4. A principal consequência do "Dia do Fico" (9 de Janeiro de 1822) foi: a) O imediato reconhecimento da independência pela Inglaterra. b) O início de uma guerra civil entre brasileiros. c) A expulsão de todas as tropas portuguesas do território. d) A ruptura definitiva e aberta entre Dom Pedro e as Cortes Portuguesas. e) A abdicação de Dom Pedro I ao trono brasileiro.
5. As Cortes Portuguesas reagiram ao Dia do Fico: a) Concordando com a decisão e nomeando Dom Pedro como Imperador. b) Ignorando o fato, pois consideravam Dom Pedro um governante insignificante. c) Cortando o diálogo e classificando o ato como uma rebeldia. d) Enviando mais tropas para apoiar o governo do Príncipe Regente. e) Propondo um novo acordo comercial com o Brasil.
6. O fato histórico que precipitou o grito de independência de Dom Pedro às margens do Ipiranga foi: a) A notícia de que a Bahia havia sido conquistada pelos portugueses. b) A chegada de uma nova carta das Cortes que anulava seus atos e exigia seu retorno. c) A pressão da princesa Leopoldina para que ele proclamasse a independência. d) Um ultimato da Inglaterra para que o Brasil se tornasse independente. e) A convocação bem-sucedida da Assembleia Constituinte.
7. Sobre o reconhecimento internacional da Independência do Brasil, é CORRETO afirmar: a) Foi imediato por todas as nações europeias, que apoiavam a liberdade das colônias. b) Os Estados Unidos foram os primeiros a reconhecer, seguindo a Doutrina Monroe. c) A Inglaterra reconheceu primeiro, mas impôs condições financeiras e comerciais ao Brasil. d) Portugal reconheceu a independência pacificamente no dia seguinte ao 7 de setembro. e) A França liderou o reconhecimento europeu sem exigir qualquer contrapartida.
8. A participação da Inglaterra no processo de independência brasileiro foi motivada principalmente: a) Por ideais liberais e de apoio à autodeterminação dos povos. b) Pelo desejo de anexar o território brasileiro ao seu império. c) Por seus interesses econômicos e na expansão de seu mercado consumidor. d) Pela rivalidade histórica com Portugal. e) Pela pressão dos Estados Unidos para que mediasse o conflito.
9. A independência do Brasil é considerada "conservadora" porque: a) Foi uma revolução popular que derrubou a monarquia. b) Aboliu imediatamente a escravidão e redistribuiu terras. c) Manteve a estrutura social e econômica baseada na monarquia, latifúndio e escravidão. d) Foi liderada pelos setores mais pobres da população. e) Copiou o modelo republicano e federalista dos Estados Unidos.

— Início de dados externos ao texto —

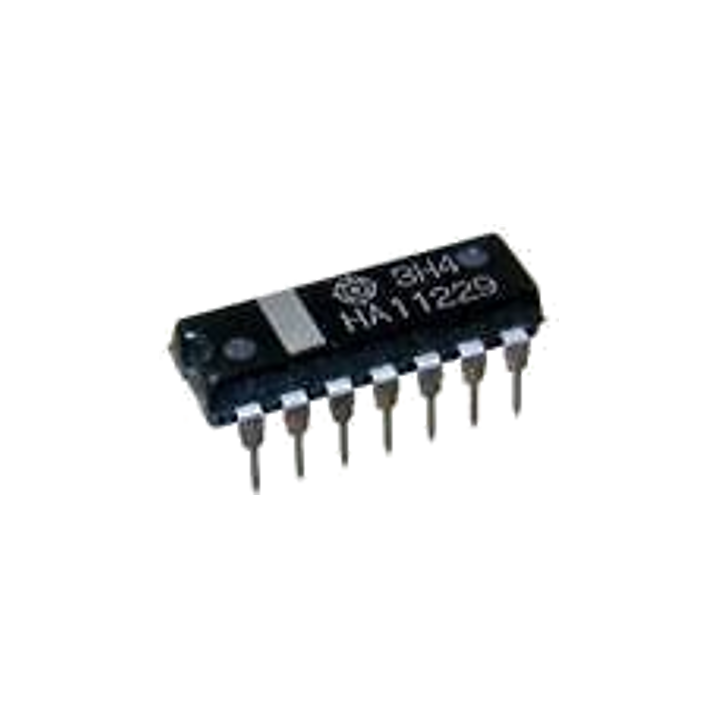 HA11229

10. Qual foi o papel de José Bonifácio de Andrada e Silva no processo de independência? a) Liderou as tropas portuguesas contra Dom Pedro. b) Foi o principal articulador político, tornando-se ministro de Dom Pedro. c) Proclamou a república em Pernambuco antes do 7 de setembro. d) Representou os interesses das Cortes Portuguesas no Brasil. e) Foi o embaixador que negociou o reconhecimento com os EUA.